NOTE: No observations were selected from data set HI.STUDENT.
NOTE: There were 0 observations read from the data set HI.STUDENT.
WHERE Char_DOB='.';
NOTE: PROCEDURE PRINT used (Total process time):
real time 0.01 seconds
cpu time 0.01 seconds

Super User
Posts: 19,772

Re: print only data with invalid dates

Well, then I repeat my previous last answer - Please show a proc contents for the dataset, an image of your invalid data and the code and log. 

 

FYI - reposting the same question isn't helpful in the long run. I'll merge the threads once this is answered. 

Contributor
Posts: 25

Re: print only data with invalid dates

[ Edited ]

Here is my code: I also added pics of the data set and proc contents

 

libname hi
'C:\Users\larkj\Desktop';
proc format library = hi;
value season
1='Fall' 2='Spring' 3='Summer';
value $sx
'M'='Male' 'F'='Female';
value race
.='Missing' 2='Hispanic' 3='Puerto Rican'
4='Mexican American' 5='Asian American'
6='Caucasian' 7='American Indian' 8='African American'
9='Other';
;
run;
options fmtsearch=(hi)

data hi.student (drop=i);
infile 'C:\Users\larkj\Desktop\STUDENT.DAT';
input ssn 1-9 sex $ 11 term 17 type $ 19 div $ 21-24
major 26-30 ed $ 32 state $ 34-35 sat 37-40 satm 42-44
satv 46-48 gpa 50-53 rank 55-58 act 60-63 toefl 65-68
honor $ 70 ethnic 72 year_dob 101-102 month_dob 103-104
day_dob 105-106
;
Char_DOB = input(catx("/", month_dob, day_dob, year_dob),?? mmddyy8.);
Total_DOB = input(catx("/", month_dob, day_dob, year_dob),?? mmddyy8.);
if ((month_dob = 02) AND (day_dob= 29)) then Total_DOB = mdy(03,01,year_dob)-1;
else Total_DOB = mdy(month_dob,15,year_dob);
format Total_DOB mmddyy8.
term Season.
sex $Sx.
ethnic Race.;
array change (6) gpa sat satm satv act toefl;
do i = 1 TO 6;
if change(i) = 0 then change(i) = .;
end;
Char_DOBc = put(Char_DOB,mmddyy8.);
drop Char_DOB;
rename Char_DOBc = Char_DOB;
run;
PROC CONTENTS DATA=hi.student;
RUN;
proc print data=hi.student;
format term Season. sex $Sx. ethnic Race.
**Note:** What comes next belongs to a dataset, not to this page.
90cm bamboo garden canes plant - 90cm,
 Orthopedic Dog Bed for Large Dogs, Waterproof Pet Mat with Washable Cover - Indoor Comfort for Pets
Total_DOB mmddyy8. ;
run;
proc print data=hi.student;
where Char_DOB = '.';
var SSN Total_DOB Char_DOB;
run;


2017-03-29 (1).png2017-03-29 (2).png2017-03-29 (3).png2017-03-29 (4).png2017-03-29 (5).png
Super User
Posts: 19,772

Re: print only data with invalid dates

Ok...you can't change a variable type in a data step once it's been assigned. So your rename/drop conversions won't do what you want. 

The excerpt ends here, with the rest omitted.